San Diego is the eighth largest city in the nation, with 1.4 million people. In 2001, there were two independent Baptist churches and few non-Baptist, gospel-preaching churches in the entire city. And, although more conservative than Los Angeles or San Francisco, San Diego isn’t exactly a bastion of Christendom.
By God’s grace, we followed His call. Fast-forward more than twenty years: I’m overwhelmed to say God has built and sustained Canyon Ridge Baptist Church. He’s done more than I ever thought He would and grown us in ways I never thought possible. We’re blessed with a fantastic team of servants dedicated to sharing the gospel in our city. God has blessed us with a permanent location in the heart of San Diego.
Through my office window, I can see low-income, transient, and primarily immigrant housing. Our neighborhood is a thriving international community with over seventeen mother tongues spoken. It’s a community where you can rent a 350-square-foot studio for $1,950.00 a month and find yourself serenaded every night by a chorus of homeless folks singing.
I wouldn’t trade it for the world.
I want to share five simple thoughts that have helped me over the past two decades of church planting in a metropolitan/urban area.
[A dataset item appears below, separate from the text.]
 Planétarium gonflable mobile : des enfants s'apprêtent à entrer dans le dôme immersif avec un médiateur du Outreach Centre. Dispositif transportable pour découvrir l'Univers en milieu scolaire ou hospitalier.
If you are a church planter or praying about planting a church in one of the needy cities of our nation, I pray these will help you as well.
People Come First
Personal evangelism is a must when building a church in an urban environment. Guests won’t run through your doors because you put up a sign and design a snazzy website. In the early days of Canyon Ridge, I spent a minimum of twenty-five hours a week knocking doors, meeting people, and participating in outreach and community events. Why? People only came to church after I engaged, encouraged, and shared the gospel. Over twenty years later, we still have an aggressive outreach plan. This year, we will hand-deliver through door-knocking and canvassing over 250,000 invitations to church—all to meet more people and introduce them to Jesus.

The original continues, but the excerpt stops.